- Brief
Look through the lines below; wherever the word "with" appears, copy that line.

* * * *

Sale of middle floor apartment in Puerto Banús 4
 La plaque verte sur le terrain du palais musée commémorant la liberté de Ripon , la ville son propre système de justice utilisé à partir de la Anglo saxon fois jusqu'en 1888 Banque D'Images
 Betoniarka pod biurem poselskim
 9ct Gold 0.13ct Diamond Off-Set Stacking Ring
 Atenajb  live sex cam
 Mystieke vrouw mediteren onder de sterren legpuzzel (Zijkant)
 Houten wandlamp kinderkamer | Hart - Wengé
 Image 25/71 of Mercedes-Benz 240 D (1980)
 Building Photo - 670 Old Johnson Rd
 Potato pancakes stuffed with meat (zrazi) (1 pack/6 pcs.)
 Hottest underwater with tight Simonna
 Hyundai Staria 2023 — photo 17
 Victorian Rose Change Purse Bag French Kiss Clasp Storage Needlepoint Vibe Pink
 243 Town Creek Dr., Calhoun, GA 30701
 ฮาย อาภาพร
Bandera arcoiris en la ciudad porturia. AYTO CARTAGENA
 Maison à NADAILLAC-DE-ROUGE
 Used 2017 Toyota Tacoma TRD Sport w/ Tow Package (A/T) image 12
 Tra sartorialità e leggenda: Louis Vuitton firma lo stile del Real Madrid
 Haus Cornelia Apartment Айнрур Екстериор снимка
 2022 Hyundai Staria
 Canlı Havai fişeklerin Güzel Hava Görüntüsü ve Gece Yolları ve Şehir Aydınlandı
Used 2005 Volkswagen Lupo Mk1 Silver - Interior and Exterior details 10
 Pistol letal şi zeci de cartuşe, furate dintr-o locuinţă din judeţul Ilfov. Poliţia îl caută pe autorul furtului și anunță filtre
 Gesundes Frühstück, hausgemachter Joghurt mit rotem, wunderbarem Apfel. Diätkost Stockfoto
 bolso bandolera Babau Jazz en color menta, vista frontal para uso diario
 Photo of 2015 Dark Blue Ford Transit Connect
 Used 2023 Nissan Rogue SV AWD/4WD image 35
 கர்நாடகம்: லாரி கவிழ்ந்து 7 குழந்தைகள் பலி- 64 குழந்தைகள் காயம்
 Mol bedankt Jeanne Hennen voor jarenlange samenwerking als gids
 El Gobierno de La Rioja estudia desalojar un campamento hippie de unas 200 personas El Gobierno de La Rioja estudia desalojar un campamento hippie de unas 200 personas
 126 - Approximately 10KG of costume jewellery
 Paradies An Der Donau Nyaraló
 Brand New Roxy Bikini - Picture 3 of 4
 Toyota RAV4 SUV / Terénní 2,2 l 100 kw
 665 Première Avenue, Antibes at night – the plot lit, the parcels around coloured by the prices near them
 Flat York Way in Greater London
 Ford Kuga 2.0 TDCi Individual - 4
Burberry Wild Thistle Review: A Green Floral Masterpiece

* * * *

- Answer area
 Potato pancakes stuffed with meat (zrazi) (1 pack/6 pcs.)
 Hottest underwater with tight Simonna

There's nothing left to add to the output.